Finally, carbon dioxide can be used to process decaffeinated coffee beans and it is also considered to be a natural process. The coffee beans are first soaked in water and then placed in liquid carbon dioxide. Over a few hours the caffeine dissolves into the carbon dioxide to produce decaf coffee beans.

Is Decaffeinated Coffee Caffeine Free?

Does decaffeinated coffee still have caffeine? The short answer is yes. The process of producing decaf coffee beans leaves traces of caffeine and therefore no decaf coffee is completely caffeine free. How much caffeine is left is dependent on the process used but you can expect this to usually be between 1% and 10% of the original caffeine left in the decaffeinated coffee beans. Nonetheless many premium decaf coffee beans will say the residual caffeine is even less and we have seen it as low as 0.05%.

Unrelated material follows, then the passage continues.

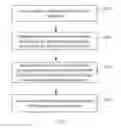 Fig. 05 - Message transmission method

Do Decaf Coffee Beans Taste as Good?

If you buy carefully you can get some great decaf coffee beans though you have to remember that the vast majority of decaffeinated coffee beans are not good. This is because old and poor-quality beans are often used, and the beans are roasted for too long.

As the market for decaffeinated grows more and more professional roasters are producing some great decaf coffee beans and coffee blends. We have two tips when buying decaffeinated. Firstly, make sure that a good quality bean is being used (read our guide to types of coffee beans to find out more) and secondly make sure that the coffee beans haven’t been decaffeinated using the solvent process. You should buy decaf coffee beans that have been produced using the Swiss water or carbon dioxide methods. 

What are the Best Decaf Coffee Beans to Buy?

Although this article is about decaf coffee beans, and we always believe that coffee is best when freshly ground, we have put together two lists. Firstly, the best decaf coffee beans you can buy, and secondly the best ground decaf coffee. Click on the link that works for you. 

Remember that whenever buying decaffeinated coffee make sure the coffee has been decaffeinated using a water or CO2 process, avoid the solvent based processes.  If it doesn’t say then we recommend you avoid buying.